== HOW TO COMPLETE THIS TASK ==
What is needed is a word-for-word copy of the lines below from the one with "If you just isolated one" through the one with "See another illustration.", both included, with every picture left out.

== ENTRIES PROVIDED ==
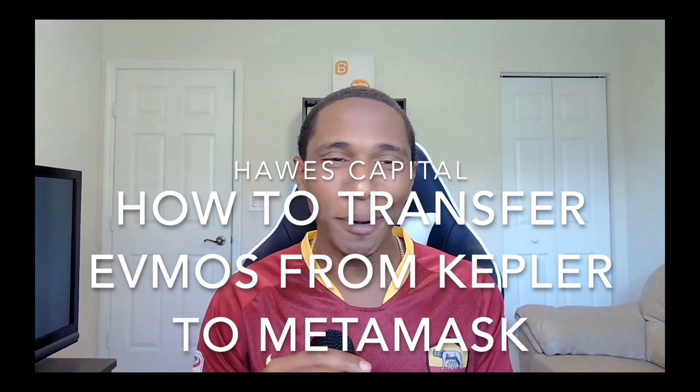What's going on beautiful people, welcome back to another Hogs Capital video. I think we got a really good one for you guys today, especially if you're someone who recently claimed the Evmos airdrop. This video is for you.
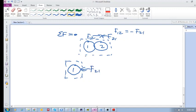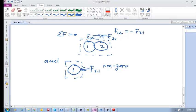If you just isolated one as your system, then all you're going to see is F₂₁ acting on this one, and then this one can accelerate. The sum of the forces can be non-zero. Similarly, if you just isolated two...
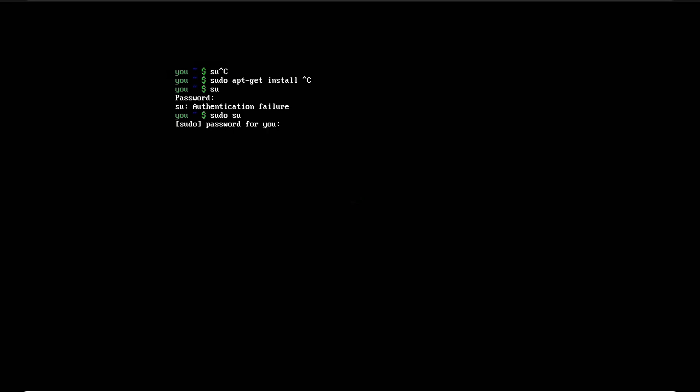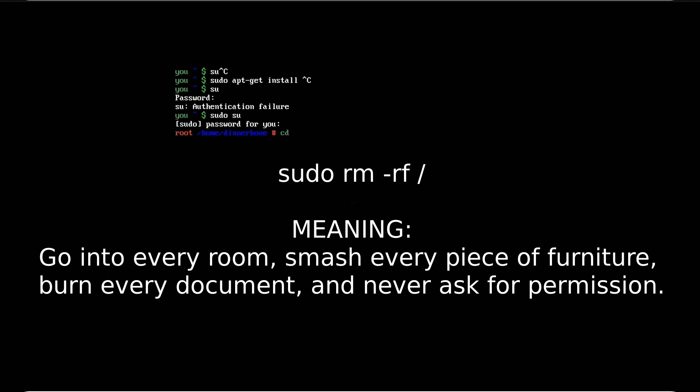That's it. Sudo is super user do. But if you prefer a darker meaning, try typing sudo rm -rf and see what happens. Just kidding, don't. Seriously. Thanks for watching.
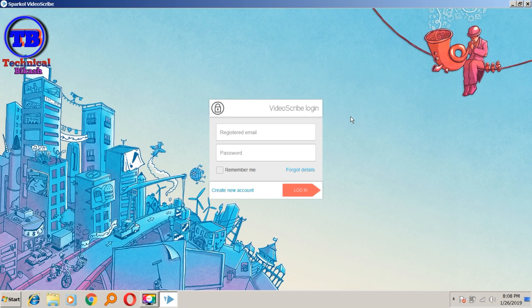Then go into login and you can use the password without payment and use it for free.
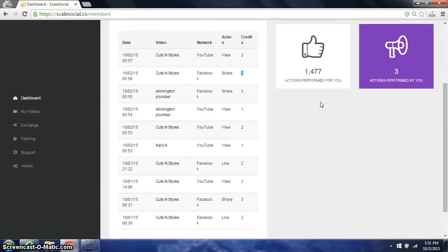Scale Social is a real live users credit-based system. We have users in here that earn credits, and we have users in here with this launch that are going to be able to buy credits.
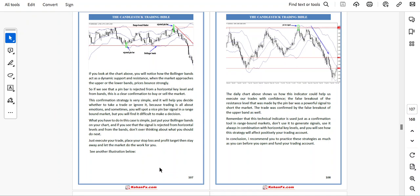See another illustration. The daily chart shows how this indicator could help us execute trades with confidence. The false breakout of the resistance level made by the pin bar, confirmed by the false breakout of the upper Bollinger Band, was a powerful signal to short the market. Remember that this technical indicator is used just as a confirmation tool in range-bound markets — don't use it to generate signals. Use it always in combination with horizontal key levels, and you will see how this strategy will positively affect your trading account. Practice these strategies as much as you can before you open and fund your trading account.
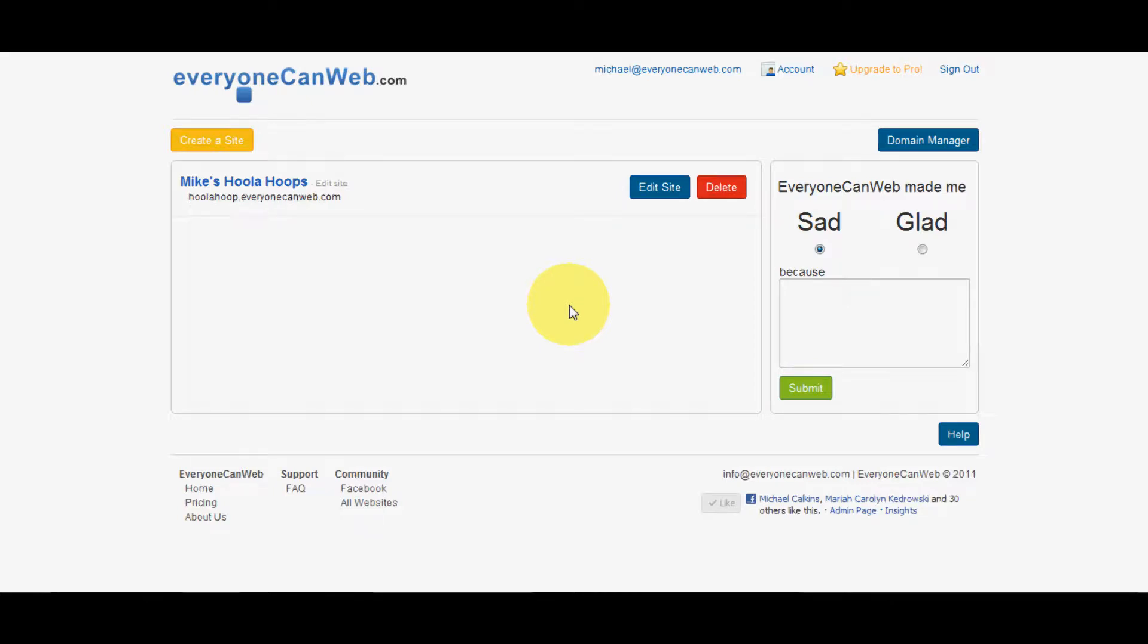Hey, this is Michael from everyonecanweb.com. Today I'm going to show you how to add an email form to your website so your users can send information to your email address directly.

== RESPONSE BOX ==
If you just isolated one as your system, then all you're going to see is F₂₁ acting on this one, and then this one can accelerate. The sum of the forces can be non-zero. Similarly, if you just isolated two...
That's it. Sudo is super user do. But if you prefer a darker meaning, try typing sudo rm -rf and see what happens. Just kidding, don't. Seriously. Thanks for watching.
Then go into login and you can use the password without payment and use it for free.
Scale Social is a real live users credit-based system. We have users in here that earn credits, and we have users in here with this launch that are going to be able to buy credits.
See another illustration. The daily chart shows how this indicator could help us execute trades with confidence. The false breakout of the resistance level made by the pin bar, confirmed by the false breakout of the upper Bollinger Band, was a powerful signal to short the market. Remember that this technical indicator is used just as a confirmation tool in range-bound markets — don't use it to generate signals. Use it always in combination with horizontal key levels, and you will see how this strategy will positively affect your trading account. Practice these strategies as much as you can before you open and fund your trading account.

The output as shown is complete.